### Web page caption snippets
+++++

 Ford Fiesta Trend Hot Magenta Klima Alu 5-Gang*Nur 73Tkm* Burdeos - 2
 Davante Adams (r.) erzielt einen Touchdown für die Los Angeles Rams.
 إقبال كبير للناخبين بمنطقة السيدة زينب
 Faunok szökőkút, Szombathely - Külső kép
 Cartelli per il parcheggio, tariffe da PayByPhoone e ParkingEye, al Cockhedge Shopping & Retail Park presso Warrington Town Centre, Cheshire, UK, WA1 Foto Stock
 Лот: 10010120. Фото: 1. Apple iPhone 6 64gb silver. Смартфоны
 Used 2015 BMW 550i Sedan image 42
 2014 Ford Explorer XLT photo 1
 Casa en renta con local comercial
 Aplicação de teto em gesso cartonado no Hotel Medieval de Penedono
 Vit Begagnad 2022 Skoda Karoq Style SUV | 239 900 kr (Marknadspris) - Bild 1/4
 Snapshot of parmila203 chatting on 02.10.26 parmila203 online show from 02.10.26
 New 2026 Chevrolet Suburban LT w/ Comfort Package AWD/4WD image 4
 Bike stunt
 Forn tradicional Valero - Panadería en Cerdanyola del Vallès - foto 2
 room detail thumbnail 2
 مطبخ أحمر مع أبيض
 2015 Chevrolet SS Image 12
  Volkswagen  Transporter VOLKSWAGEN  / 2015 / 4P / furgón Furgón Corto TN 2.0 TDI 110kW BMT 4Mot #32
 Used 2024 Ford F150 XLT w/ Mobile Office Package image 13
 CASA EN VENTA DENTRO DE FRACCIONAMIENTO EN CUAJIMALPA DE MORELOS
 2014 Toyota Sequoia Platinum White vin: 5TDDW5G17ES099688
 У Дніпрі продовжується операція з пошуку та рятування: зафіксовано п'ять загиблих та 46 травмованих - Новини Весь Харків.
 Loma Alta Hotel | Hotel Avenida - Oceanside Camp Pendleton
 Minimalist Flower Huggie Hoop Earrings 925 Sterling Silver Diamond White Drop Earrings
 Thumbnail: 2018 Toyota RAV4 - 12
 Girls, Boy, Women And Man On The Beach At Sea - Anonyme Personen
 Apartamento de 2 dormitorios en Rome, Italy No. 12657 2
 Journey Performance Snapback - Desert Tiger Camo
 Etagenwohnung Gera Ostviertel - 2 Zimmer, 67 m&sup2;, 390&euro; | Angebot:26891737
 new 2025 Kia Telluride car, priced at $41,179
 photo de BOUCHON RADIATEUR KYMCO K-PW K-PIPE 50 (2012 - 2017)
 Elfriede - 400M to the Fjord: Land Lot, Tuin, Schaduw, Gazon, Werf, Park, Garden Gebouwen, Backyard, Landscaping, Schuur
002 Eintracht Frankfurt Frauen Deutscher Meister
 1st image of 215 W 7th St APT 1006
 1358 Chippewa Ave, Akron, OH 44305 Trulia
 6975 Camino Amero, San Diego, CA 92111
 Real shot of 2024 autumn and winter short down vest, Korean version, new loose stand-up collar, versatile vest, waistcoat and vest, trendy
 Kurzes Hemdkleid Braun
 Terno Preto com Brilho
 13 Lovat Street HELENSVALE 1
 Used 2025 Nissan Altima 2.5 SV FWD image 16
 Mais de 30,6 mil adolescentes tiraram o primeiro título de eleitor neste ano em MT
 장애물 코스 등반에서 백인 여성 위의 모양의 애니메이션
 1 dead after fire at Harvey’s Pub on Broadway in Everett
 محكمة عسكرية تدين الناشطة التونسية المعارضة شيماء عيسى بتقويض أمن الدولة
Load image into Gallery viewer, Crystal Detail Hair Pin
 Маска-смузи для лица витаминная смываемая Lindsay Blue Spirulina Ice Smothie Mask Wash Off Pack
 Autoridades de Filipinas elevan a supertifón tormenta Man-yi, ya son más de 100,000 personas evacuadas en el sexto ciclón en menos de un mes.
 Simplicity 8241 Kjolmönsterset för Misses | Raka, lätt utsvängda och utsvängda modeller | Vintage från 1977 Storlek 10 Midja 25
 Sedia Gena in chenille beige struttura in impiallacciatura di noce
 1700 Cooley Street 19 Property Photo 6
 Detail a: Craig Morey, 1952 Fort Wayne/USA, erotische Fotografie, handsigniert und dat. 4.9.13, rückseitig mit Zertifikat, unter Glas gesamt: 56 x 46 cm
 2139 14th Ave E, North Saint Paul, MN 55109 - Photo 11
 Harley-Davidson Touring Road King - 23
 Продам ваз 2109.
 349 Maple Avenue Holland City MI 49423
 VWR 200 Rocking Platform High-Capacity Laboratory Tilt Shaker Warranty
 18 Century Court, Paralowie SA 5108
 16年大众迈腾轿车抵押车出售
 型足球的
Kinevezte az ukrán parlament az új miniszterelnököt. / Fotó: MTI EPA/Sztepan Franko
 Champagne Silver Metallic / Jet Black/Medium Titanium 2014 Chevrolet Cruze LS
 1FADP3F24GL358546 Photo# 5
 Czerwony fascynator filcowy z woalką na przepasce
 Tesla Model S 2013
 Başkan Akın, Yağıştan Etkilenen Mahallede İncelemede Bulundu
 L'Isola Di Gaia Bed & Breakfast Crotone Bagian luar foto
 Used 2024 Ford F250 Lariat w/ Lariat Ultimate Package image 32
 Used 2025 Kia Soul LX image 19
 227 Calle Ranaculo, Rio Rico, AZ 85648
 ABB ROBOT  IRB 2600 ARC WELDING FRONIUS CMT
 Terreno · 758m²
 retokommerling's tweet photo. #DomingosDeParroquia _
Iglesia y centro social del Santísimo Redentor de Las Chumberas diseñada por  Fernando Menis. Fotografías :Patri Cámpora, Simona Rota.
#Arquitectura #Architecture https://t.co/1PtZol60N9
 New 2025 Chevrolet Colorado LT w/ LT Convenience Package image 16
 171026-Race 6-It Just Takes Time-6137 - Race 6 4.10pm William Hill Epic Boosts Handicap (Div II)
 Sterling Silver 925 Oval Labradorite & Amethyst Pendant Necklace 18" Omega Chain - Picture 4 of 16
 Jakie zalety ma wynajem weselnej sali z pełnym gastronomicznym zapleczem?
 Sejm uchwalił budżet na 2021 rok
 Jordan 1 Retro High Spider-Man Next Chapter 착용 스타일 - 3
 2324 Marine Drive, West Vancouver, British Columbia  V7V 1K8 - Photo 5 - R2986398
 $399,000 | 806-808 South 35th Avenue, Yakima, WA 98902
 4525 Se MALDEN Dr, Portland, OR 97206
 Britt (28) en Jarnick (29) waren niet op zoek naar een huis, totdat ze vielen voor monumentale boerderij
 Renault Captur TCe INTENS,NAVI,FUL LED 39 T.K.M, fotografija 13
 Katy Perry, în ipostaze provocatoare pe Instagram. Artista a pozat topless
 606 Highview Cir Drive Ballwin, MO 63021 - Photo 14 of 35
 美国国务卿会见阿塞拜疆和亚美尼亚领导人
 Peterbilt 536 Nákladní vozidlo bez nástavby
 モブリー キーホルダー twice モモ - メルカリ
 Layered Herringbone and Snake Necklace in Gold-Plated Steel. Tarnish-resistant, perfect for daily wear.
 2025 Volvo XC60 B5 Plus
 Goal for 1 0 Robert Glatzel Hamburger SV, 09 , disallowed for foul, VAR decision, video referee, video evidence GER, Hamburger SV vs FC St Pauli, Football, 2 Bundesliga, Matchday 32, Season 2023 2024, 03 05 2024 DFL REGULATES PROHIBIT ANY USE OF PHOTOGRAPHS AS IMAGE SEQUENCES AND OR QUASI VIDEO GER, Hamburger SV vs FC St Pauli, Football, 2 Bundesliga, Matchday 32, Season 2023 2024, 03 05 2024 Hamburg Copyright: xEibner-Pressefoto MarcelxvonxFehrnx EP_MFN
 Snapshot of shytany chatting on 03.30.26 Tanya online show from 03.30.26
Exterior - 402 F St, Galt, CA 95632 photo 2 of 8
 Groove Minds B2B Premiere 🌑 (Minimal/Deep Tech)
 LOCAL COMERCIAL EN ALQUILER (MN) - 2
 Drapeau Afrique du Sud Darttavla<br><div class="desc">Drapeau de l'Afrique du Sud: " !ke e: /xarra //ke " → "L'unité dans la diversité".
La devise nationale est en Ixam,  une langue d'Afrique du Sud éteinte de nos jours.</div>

+++++

Search the data above and return each line in which "White" occurs.

 2014 Toyota Sequoia Platinum White vin: 5TDDW5G17ES099688
 Minimalist Flower Huggie Hoop Earrings 925 Sterling Silver Diamond White Drop Earrings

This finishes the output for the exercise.